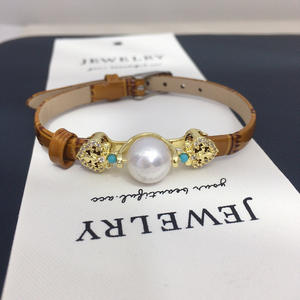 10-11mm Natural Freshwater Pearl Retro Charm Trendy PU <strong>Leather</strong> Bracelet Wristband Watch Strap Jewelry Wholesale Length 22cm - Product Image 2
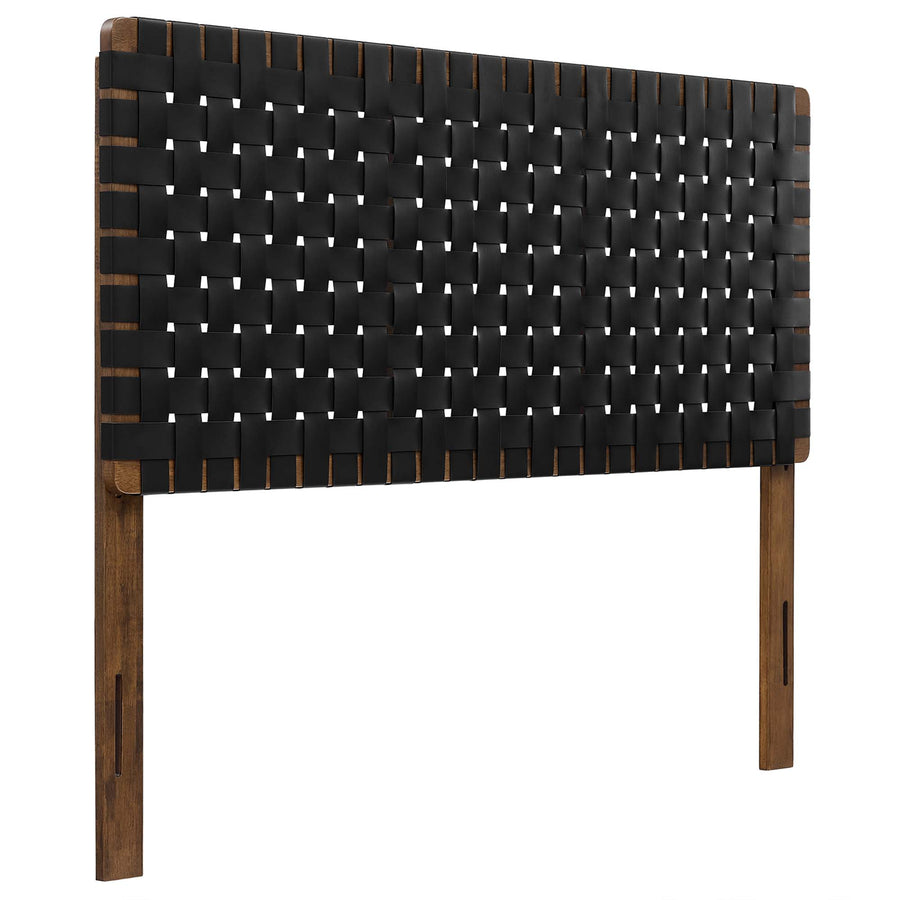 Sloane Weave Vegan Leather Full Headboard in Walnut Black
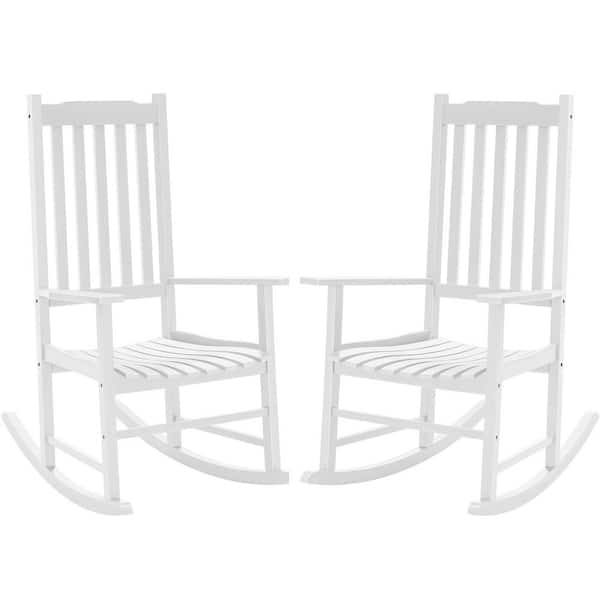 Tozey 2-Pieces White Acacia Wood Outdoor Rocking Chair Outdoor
==
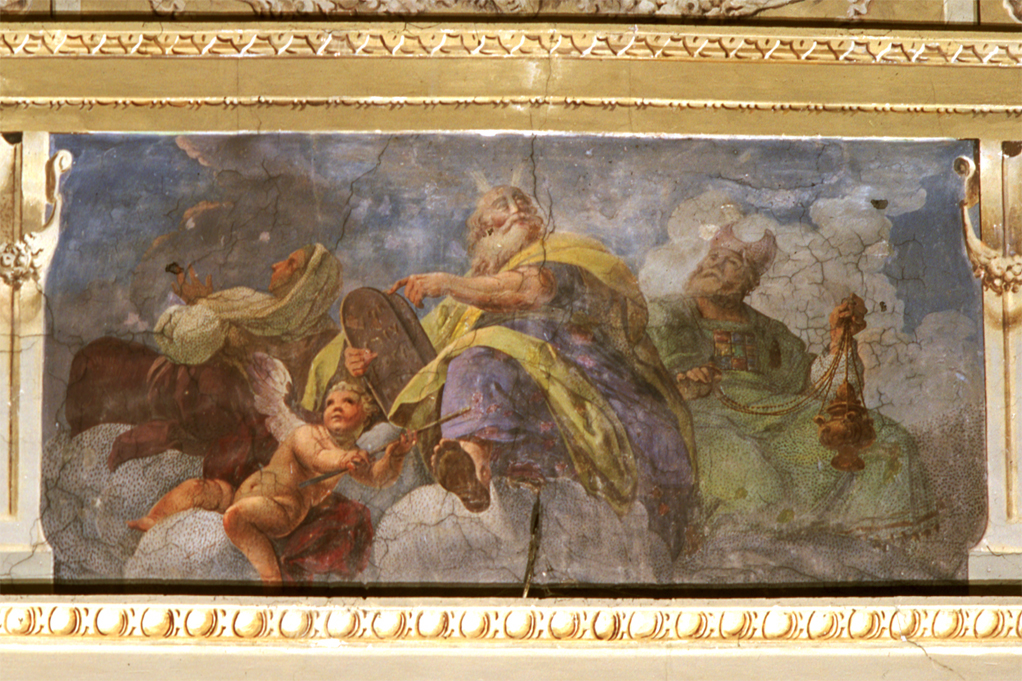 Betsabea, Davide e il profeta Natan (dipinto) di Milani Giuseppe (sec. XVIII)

__TASK REQUIREMENTS__.
Take the material above from the line bearing "10-11mm Natural Freshwater" through the line bearing "Tozey 2-Pieces White" and write it out exactly, both end lines included. Pictures stay out.

__TASK ANSWER__.
 10-11mm Natural Freshwater Pearl Retro Charm Trendy PU <strong>Leather</strong> Bracelet Wristband Watch Strap Jewelry Wholesale Length 22cm - Product Image 2
 Sloane Weave Vegan Leather Full Headboard in Walnut Black
 Tozey 2-Pieces White Acacia Wood Outdoor Rocking Chair Outdoor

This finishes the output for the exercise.